EASTMAN KODAK CO. director Roberto Goizueta was always outspoken about his strategy for selecting a new chairman. He would, the Coca-Cola CEO told reporters, "start with God...and go down a little bit at a time." In the end, it took a 12-week search before last week's appointment of Motorola chairman George M. C. Fisher. But Wall Street reacted as if the Deity himself were stepping into the post.
Kodak had indicated it would not select a technology expert to run the company. But 52-year-old Fisher, an engineer by training, held credentials that both surprised and pleased analysts. The former Bell Laboratories manager holds a doctorate in mathematics and has expertise in wireless technology. He replaces Kay Whitmore, who was asked to step down in July because of the company's poor profitability This summer, Kodak announced layoffs of 10,000 workers. But Fisher has said he plans to improve profits with product growth and revenue performance, and not through additional bloodletting.

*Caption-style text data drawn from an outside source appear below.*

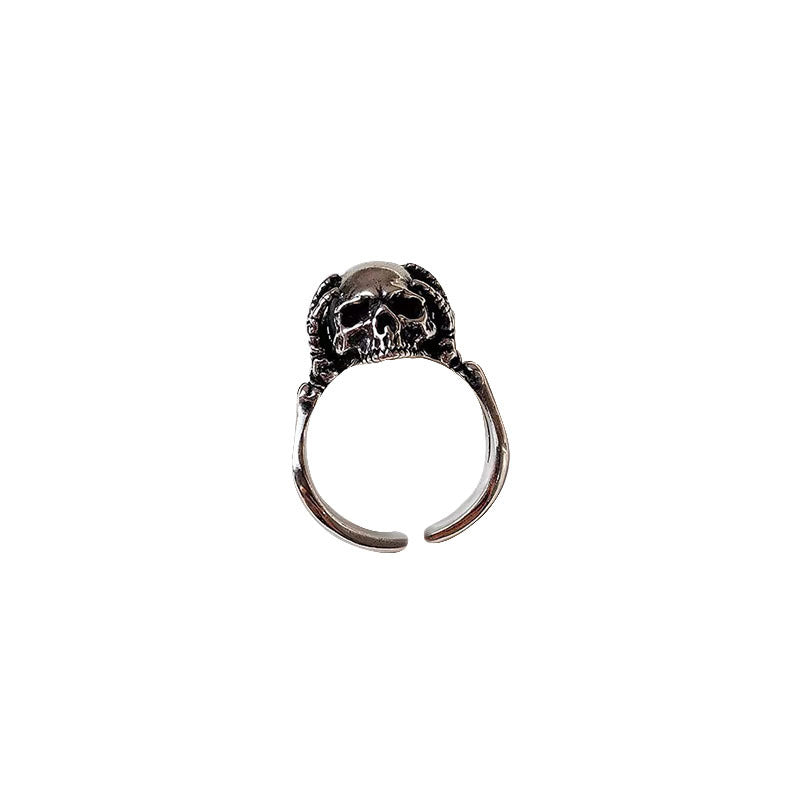 Wholesale  punk dark style skull design sense decompression open ring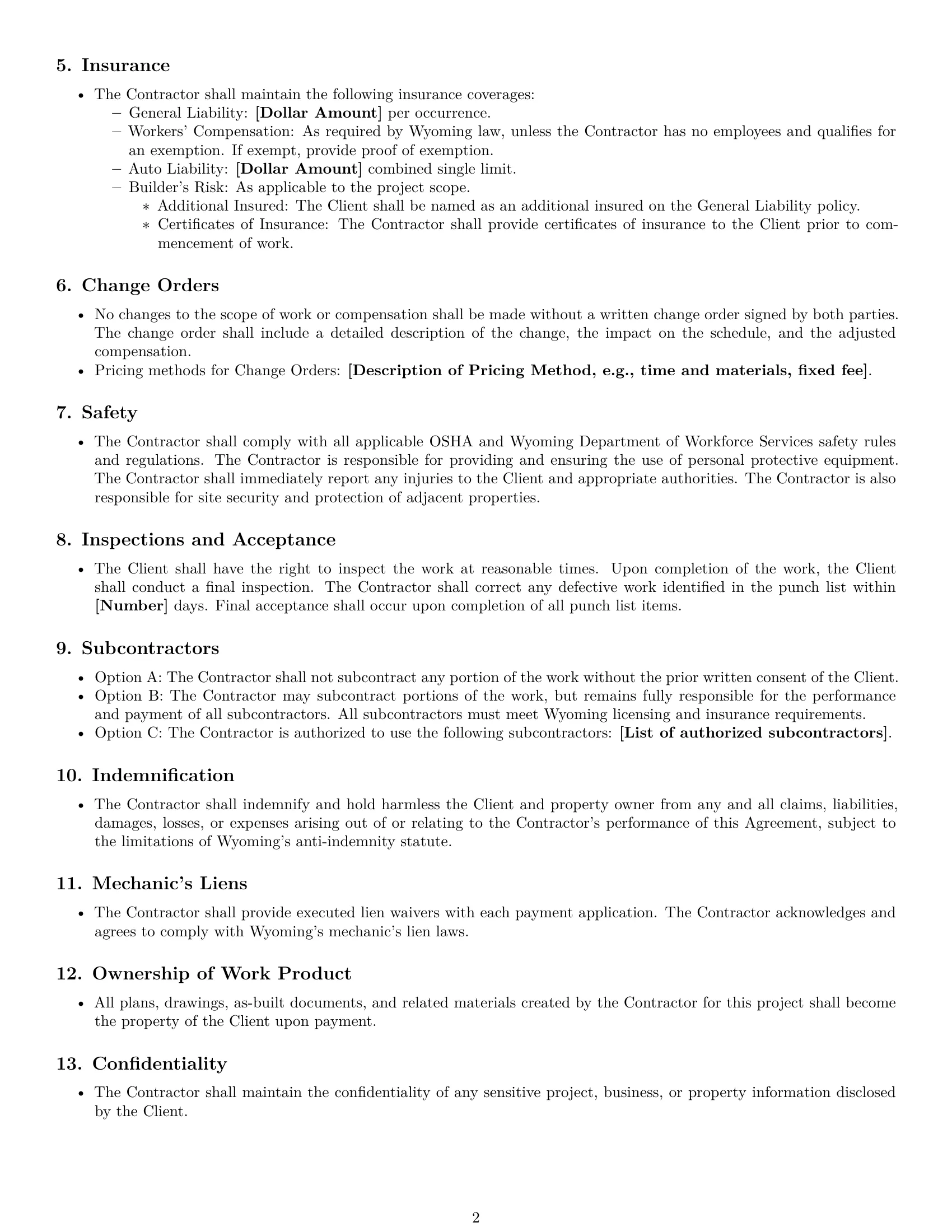 Preview page 2 of Free Wyoming construction independent contractor agreement template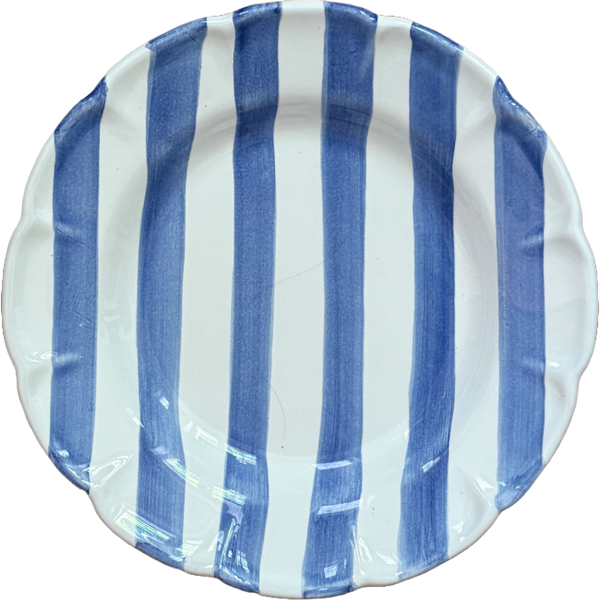 Sky Blue Stripe Pasta Plate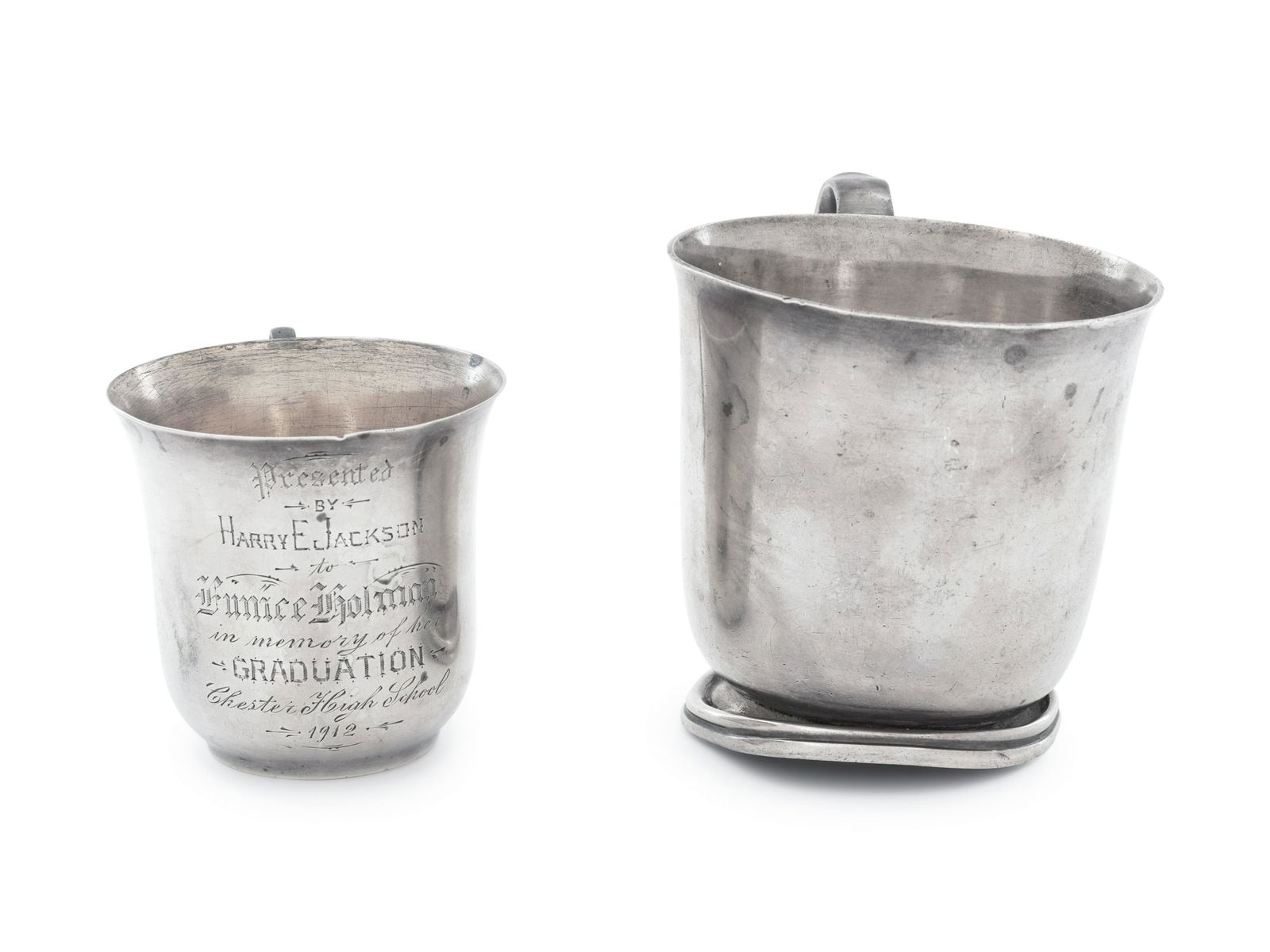 Two American Silver Children's Mugs Height of taller 3 (1 of 4)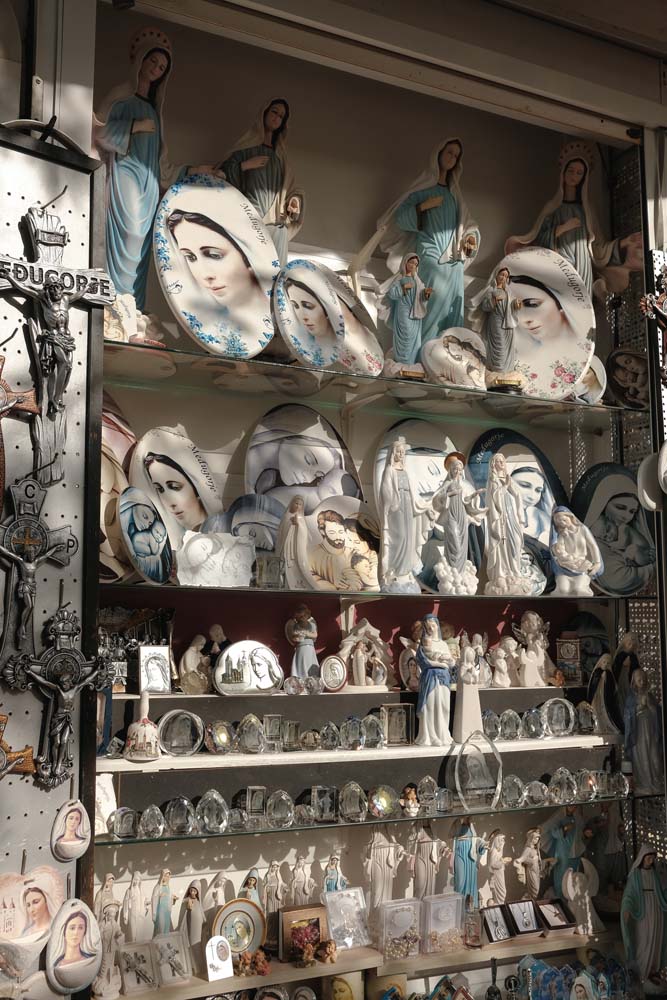 A souvenir shop selling icons and memorabilia of the Virgin Mary. Many of these businesses have been hit hard due to Covid 19 travel restrictions.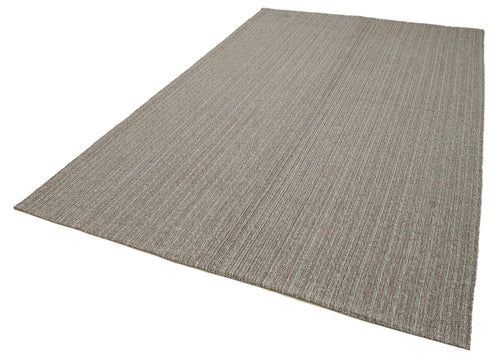 Vintage Flatweave Grey Vintage Cotton Wool Handmade Area Rug 6'8'' x 10'6''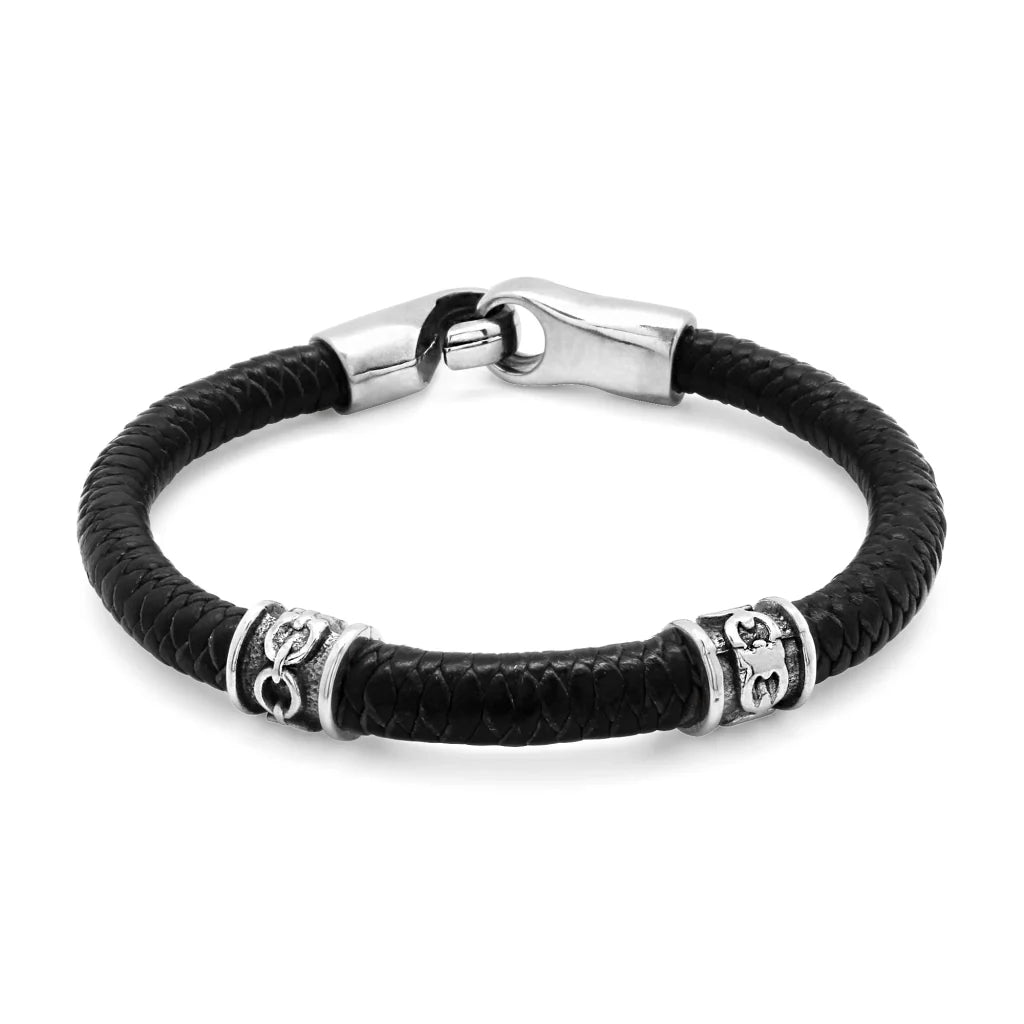Pulsera de piel natural de borrego en trenza de 8 hilos, con broche y terminado en acero - Joyería y bisutería fina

Can Fisher brighten Kodak's financial picture? Search-committee chairman Goizueta touts him as "an outstanding chief executive with...a reputation for keeping costs in line." But last week industry experts seemed as curious about his salary, which Kodak wouldn't reveal, as about his plans for the company. Fisher earned about $1.5 million a year at Motorola, where he made the company a world leader in many technologies. It is speculated that he will receive stock options that even exceed the pact offered IBM's new CEO, Louis Gerstner. That could make Fisher $100 million richer. It may not buy him a throne in heaven, but he'll be flying pretty high.